Aunque yo no intervine –no suelo hacerlo en eventos,
prefiero el diálogo directo, sin espectadores– sí tuve mi propia reflexión. Y
fue en este sentido: Todos quienes habitamos este valle nos sentimos, y nos
llamamos, caraqueños. Pero, ¿cuánto conocemos en realidad de la ciudad? ¿Qué
porcentaje de su territorio es nuestro pateadero habitual? Hablo por mí: muy
poco, en realidad. Soy habitante de una parcela minúscula de esta urbe, y
cuando salgo de ella me dirijo a muy pocos lugares, bastante puntuales, y por
lo general situados al este de Plaza Venezuela. Claro que he ido al centro, al
oeste, al sur, pero en muy contadas, y lejanas en el tiempo, veces. La razón
inmediata que se me ocurre es que no tengo nada que buscar en esos sitios. Pero
es una muy pobre razón, en el fondo. Hay lugares que deberían ser visitados con
asiduidad. El casco histórico –lo que queda de él, lamentablemente –; los
parques; los museos; los teatros; los
bulevares antiguos y modernos. Cuando lo he hecho me he sentido gratificado, y
me he preguntado por qué no lo haría más a menudo.

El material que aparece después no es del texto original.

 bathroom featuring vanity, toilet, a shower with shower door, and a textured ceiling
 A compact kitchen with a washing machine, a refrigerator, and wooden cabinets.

Hace poco, el día del cumpleaños de Caracas, publiqué en mi
muro de Facebook una memoria de juventud, que voy a reproducir aquí: “Recuerdo la primera vez que fui al centro de Caracas solo,
por mis propios medios. Bueno, no propiamente solo, pero sin compañía de
adultos. Éramos tres, estábamos tal vez en el tercer año de bachillerato, y
teníamos vacaciones. Tomamos el autobús en los bajos de la avenida Libertador,
donde vivíamos. Uno que anunciaba Carmelitas como destino final. Lo abordamos y
comenzó la travesía por esa larga calle que al final empalmó con la Andrés
Bello. Yo iba pegado de la ventana, observando. Al llegar a la Urdaneta, lo que
me llamó la atención fue el piso de las aceras, con su diseño ondulado
blanquinegro. Nos bajamos en el cruce con la Fuerzas Armadas (en ese momento la
nomenclatura de las vías era desconocida para mí, sin embargo), y proseguimos a
pie. Era un turista en mi propia ciudad. Todo era nuevo, para mí. Visitamos
algunas iglesias, y recalamos en la Plaza Bolívar. Yo, que en ese momento había
visto muy poquito mundo, experimenté un mínimo síndrome de Stendhal. Tal vez en
ese momento fue que comenzó mi real enamoramiento con la ciudad”.
Y es así: uno puede ser turista en la ciudad donde nació,
sobre todo si se trata de una metrópolis del tamaño de Caracas. Deberíamos dar
el paso siguiente: pasar de ser turistas a habitantes, con todo lo que esa
palabra conlleva. Ejercer a cabalidad la ciudanía. Usar los espacios públicos,
opinar sobre las políticas urbanas, proponer mejoras y criticar lo que a
nuestro juicio está mal. Dejar de ser moradores pasivos, y asumir el
protagonismo. A fin de cuentas, es nuestra ciudad, y deberíamos proponernos el
objetivo de verla en mejores condiciones de las que está ahora.